My sympathy derives from a belief that I would fare horrendously as a contestant – I think my excellently organised, exceedingly patient husband would flat-out refuse to compete with me. But the wider response to Race Across the World is one of empathy. Unlike similar shows, we are not called to blindly favour for the frontrunner, but to enjoy spending time with and bearing the burdens of all. We feel every frustration of the missed shuttle that just departed. When the ferry disembarks late due to poor weather, our response is not to scoff, but to share, in some small way, their lament. As their successes and failures are magnified, so is our compassion, willing them not to get lost in comparison’s snare but to keep moving forward. 

Race Across the World exhibits the reality of community, speaks to the ache of life’s unpredictable nature, and extends grace for struggling humanity. We learn, alongside those racing, that the point is not always to fix our frustrations, but in being able to sit with them, to acknowledge disappointment rather than dismiss it, and to allow setbacks to spur us onto the next step. Sometimes, things get hard and we acutely feel that a situation is beyond our control. What have we then? Still, each other. Still, communion. Still, God. 

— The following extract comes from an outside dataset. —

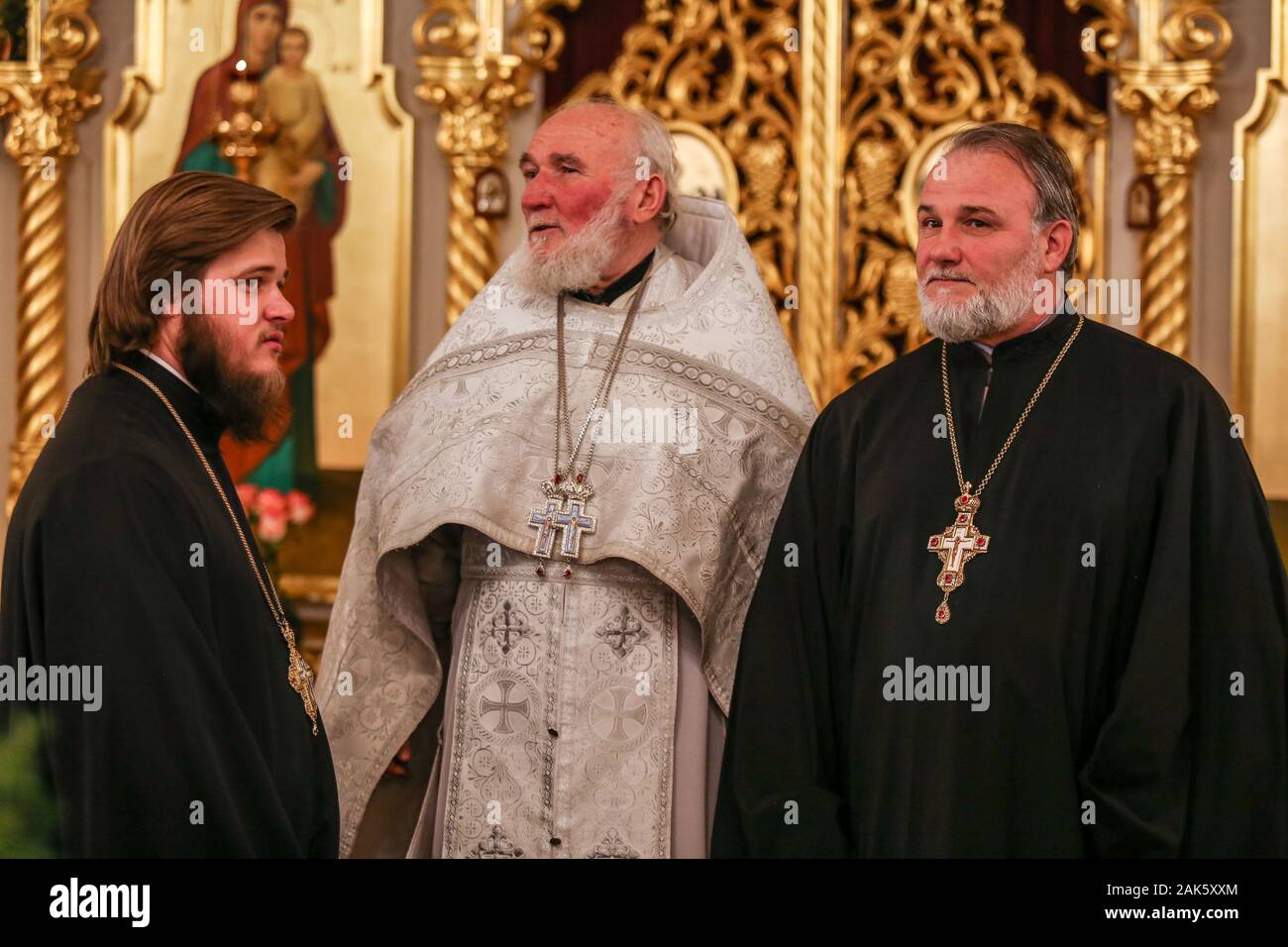 Priests at the Church of Nativity of the Blessed Virgin Mary during the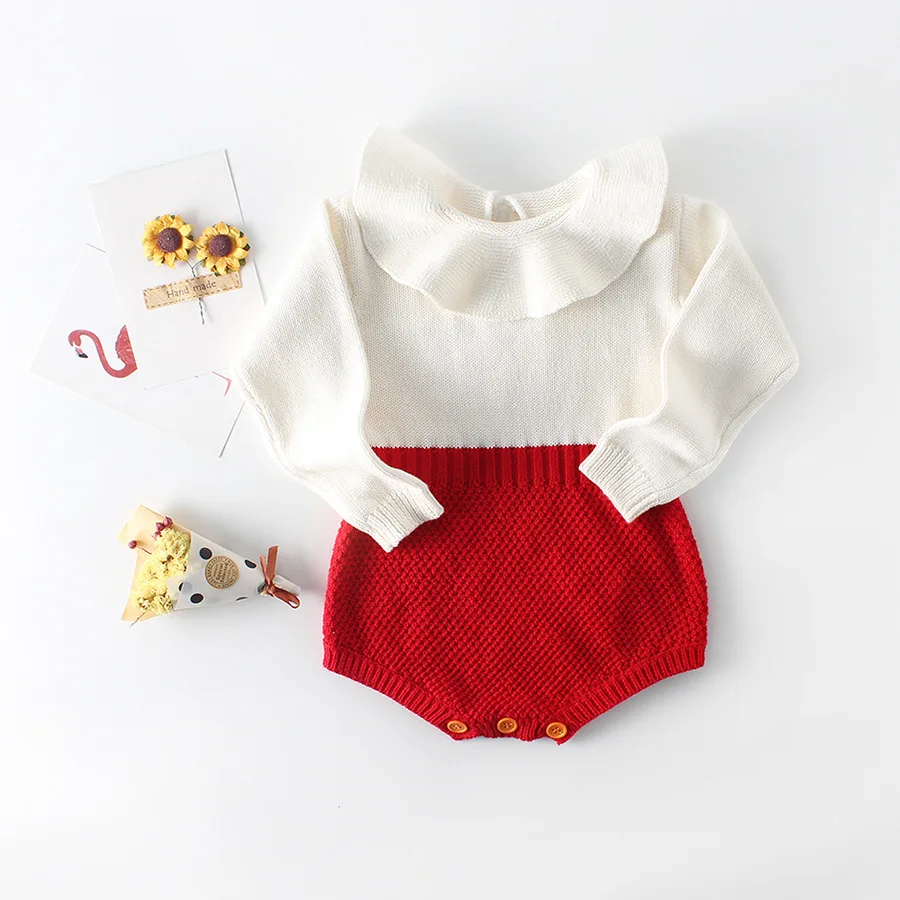 

Cutyome 2018 Baby Boys Infant Rompers Newborn Girls Long Sleeve Jumpsuits Ruffle Princess Girl Sweet Knitted Overall Clothes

Most of the time, the competitors’ issue does not disappear; they arrive at the checkpoint 24 hours late, they board the wrong train, the persistent typhoon ruins their chance of first place. But this hardship renews their strength and determination, promoting the notion that while suffering is never easy, it somehow shapes us. We endure and, in that endurance, we are refined and strengthened in ways we never thought possible. In the testing of our own endurance (or lack of), it turns out that some things actually are immovable. 

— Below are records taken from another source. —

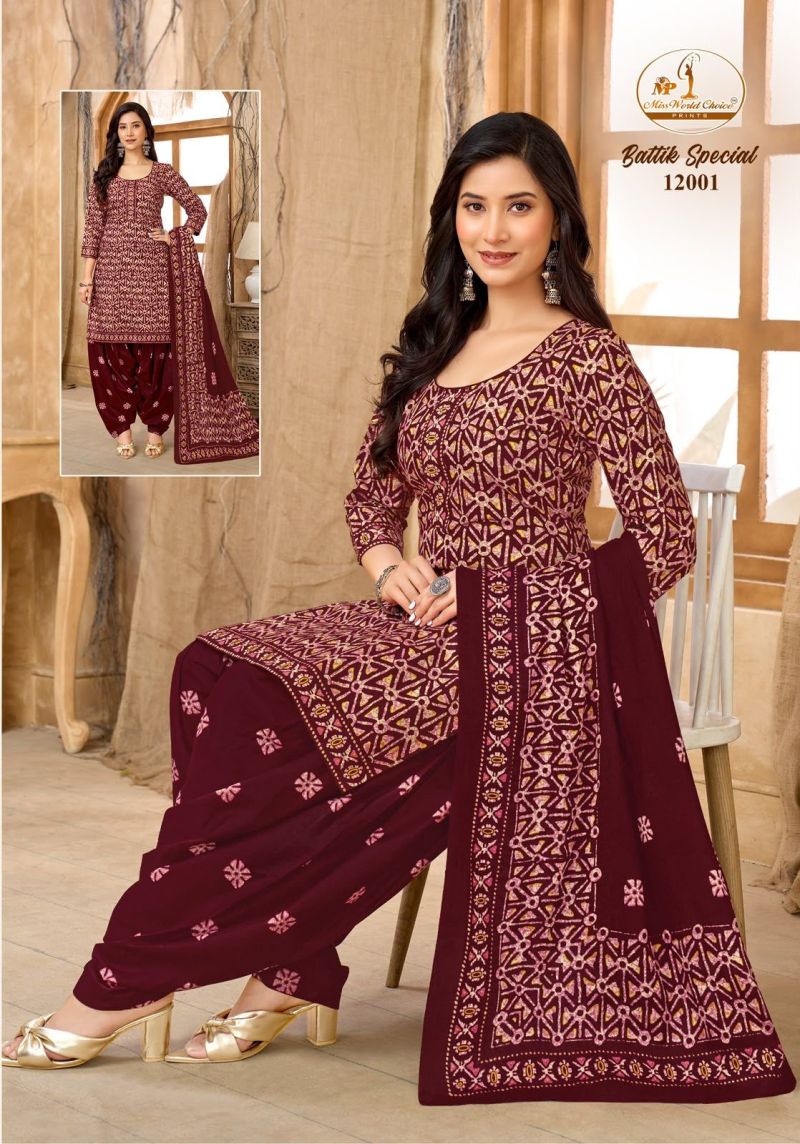 Miss World Battik Special Vol 12 Readymade Cotton Patiyala Dress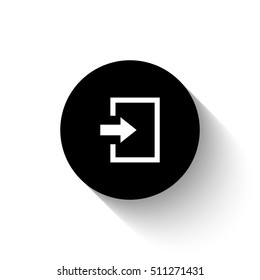 exit - white vector  icon with shadow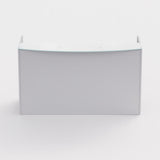 Sheridan Reception Desk Shell with Ultra White Glass Floating Transaction Counter, 72"W x 36"D x 42"H, White/Glass White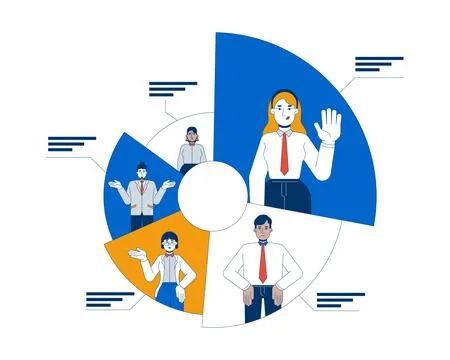 Effective workload distribution 2D illustration concept Illustrazione stock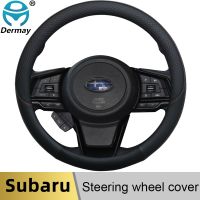 100 DERMAY Brand Leather Car Steering Wheel Cover Anti slip for Subaru Impreza High Quality Auto Accessories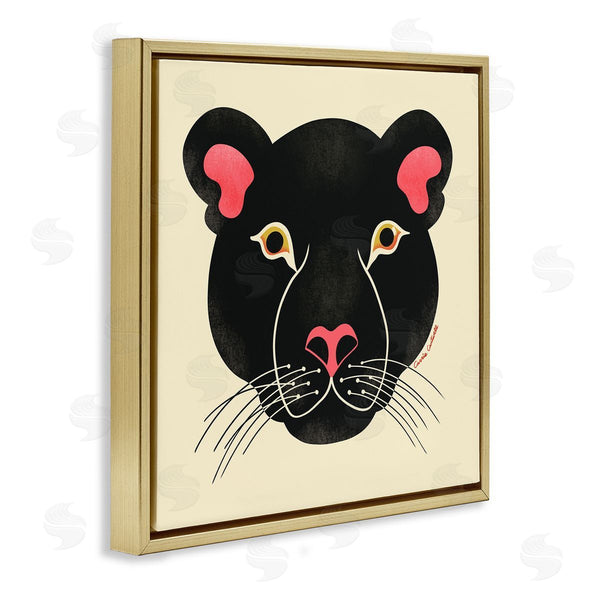 Stupell Industries Carrie Cantwell | Minimal Wild Panther Face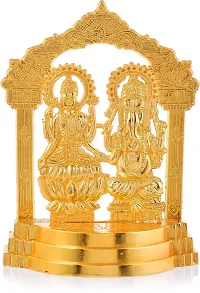 Craft Junction Handcrafted Gold Polish Lakshmi Ganesha Showpiece Figurine-thumb1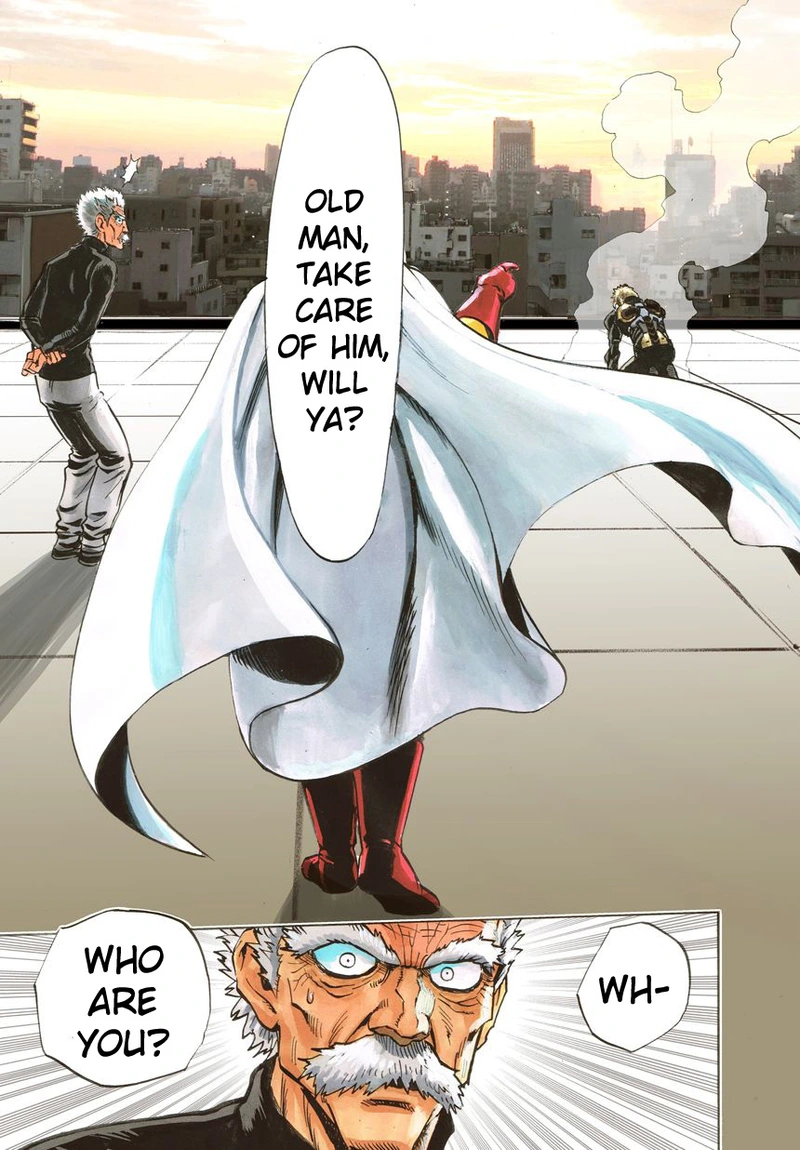 One Punch Man Manga Chapter 21 page 92 - Giant Meteor scene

This resilience permeates to the heart of who we are, forming us into people who can carry disappointment and hope simultaneously. It is an unwavering, defiant hope that finds us and never leaves us stranded. From this new position, fresh possibilities arise out of a deeper satisfaction, a greater victory, than found in being first place. This hope is rooted in something deeper, and it cries from the other side of difficulty: ‘Here I am, not lost.’ 

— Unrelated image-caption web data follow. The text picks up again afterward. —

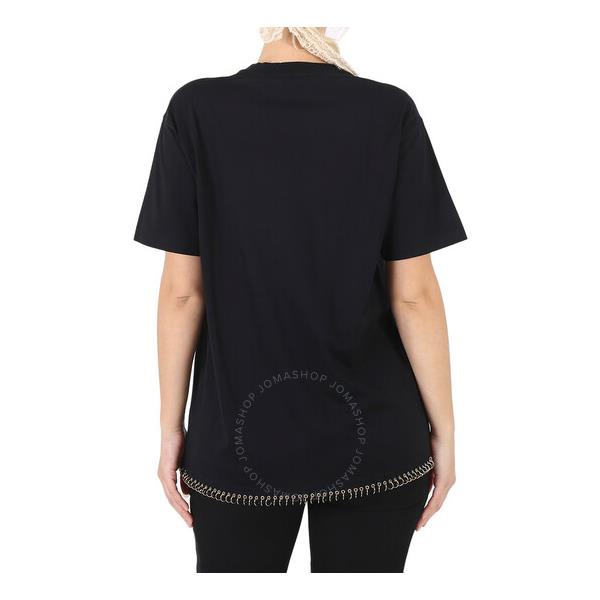 버버리 버버리 Burberry Ladies Black Ring-pierced Cotton Oversized T-shirt 8017145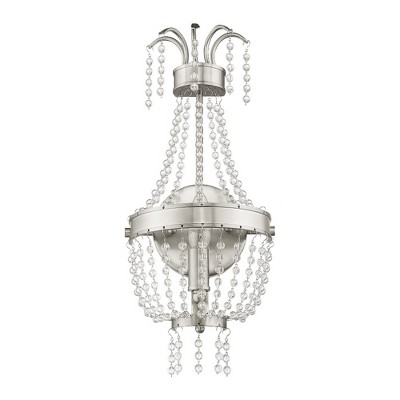 Brushed Nickel Sconce with Clear Crystal Shade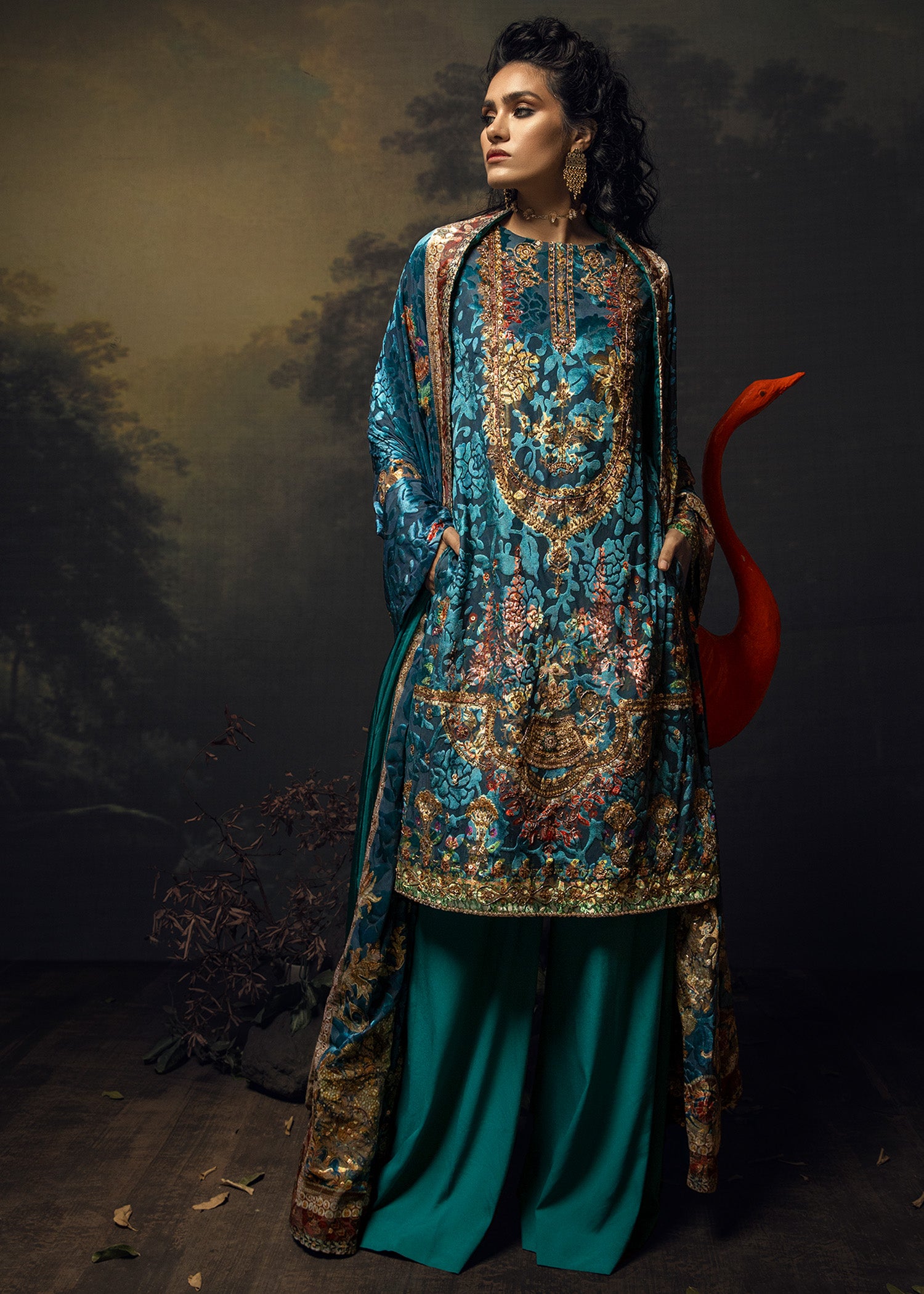 Ocean Blue Zardozi Velvet Salwar Kameez (3-Piece) - Image 2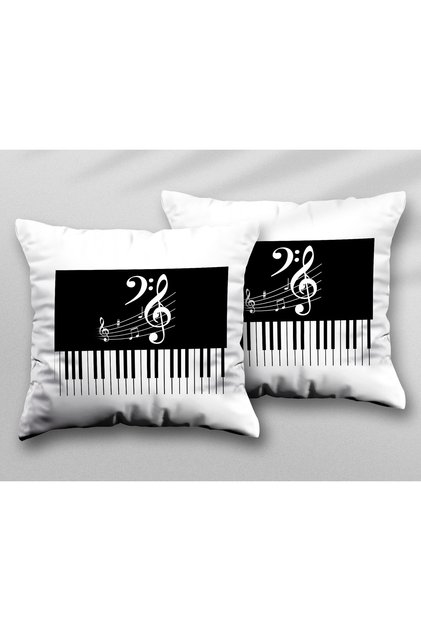 Music Piano Musical Note Two Pcs Two Side Printed Washable Pillow Throw Pillow Cover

In his poem, Vow, Roger McGough reminds us that when, 

Things seem to go from bad to worse,  

They also go from bad to better …  

Trains run on time,   

Hurricanes run out of breath, floods subside,   

And toast lands jam-side-up.’ 

It speaks to how the relatively small disappointments help us cope with the bigger stuff of life, the stuff we feel we will not emerge from. In the gritty, heavy, unfair stuff of life, we appreciate the weight of the enduring hope we possess, manifested in the belief that things not only can, but will go from bad to better. This is not a fragile optimism, but a fortitude and faith that sees the world as it is yet maintains that good and better is possible. 

In the same way, Race Across the World urges us to consider what we can handle – not in our own strength, but in community, in reliance on another. Though our complex, strained humanity may attempt to deter us, life’s hardships are eased when shared, whether on a televised journey or from our sofas. We are strengthened in, by and through devoted community. In keeping pace with another – slowing down or rushing to keep up – we are mutually inconvenienced, and that is a source of beautiful fellowship. In letting go of the things that enslave us to self – ambition, insecurity, pride – we encounter the gift of each other, and give life to love that serves. We commit to community; we choose connection over competition. 

The saying goes, ‘If you want to go fast, go alone. If you want to go far, go together.’  In Race Across the World, significant effort is understandably made by competitors to go fast and to go far, to place first and take home the cash prize. But the viewer’s delight is not so much in seeing the winning duo cross the finish line, as in witnessing the journey of two muddling through, sharing the load, bearing burdens and multiplying joys. 

In our lives, too, the road can be unpredictable, full of detours, missed buses and, yes, a few painfully overpriced cabs. Yet it is in the community of fellow travellers we learn the worth of endurance, the refining possibility of suffering, and the hope that is cultivated in its place.